*** Block opens ***
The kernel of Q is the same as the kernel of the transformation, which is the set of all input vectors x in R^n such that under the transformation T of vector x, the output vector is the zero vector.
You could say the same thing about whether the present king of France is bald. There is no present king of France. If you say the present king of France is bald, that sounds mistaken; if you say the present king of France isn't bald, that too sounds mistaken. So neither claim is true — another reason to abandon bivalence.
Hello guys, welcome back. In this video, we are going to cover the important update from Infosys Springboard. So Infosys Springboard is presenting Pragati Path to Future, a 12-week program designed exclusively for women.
*** Block closes ***
*** Block opens ***
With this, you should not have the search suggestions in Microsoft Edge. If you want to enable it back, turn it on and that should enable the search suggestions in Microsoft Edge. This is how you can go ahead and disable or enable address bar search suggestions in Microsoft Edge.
*** Block closes ***
*** Block opens ***
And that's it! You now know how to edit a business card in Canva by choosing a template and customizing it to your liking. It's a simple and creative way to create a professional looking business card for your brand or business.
*** Block closes ***
• **REQUIRED WORK**
Retype the entries above exactly, but only from the line containing "The kernel of Q" through the line containing "Hello guys, welcome", both included.

• **COMPLETED EXERCISE**
The kernel of Q is the same as the kernel of the transformation, which is the set of all input vectors x in R^n such that under the transformation T of vector x, the output vector is the zero vector.
You could say the same thing about whether the present king of France is bald. There is no present king of France. If you say the present king of France is bald, that sounds mistaken; if you say the present king of France isn't bald, that too sounds mistaken. So neither claim is true — another reason to abandon bivalence.
Hello guys, welcome back. In this video, we are going to cover the important update from Infosys Springboard. So Infosys Springboard is presenting Pragati Path to Future, a 12-week program designed exclusively for women.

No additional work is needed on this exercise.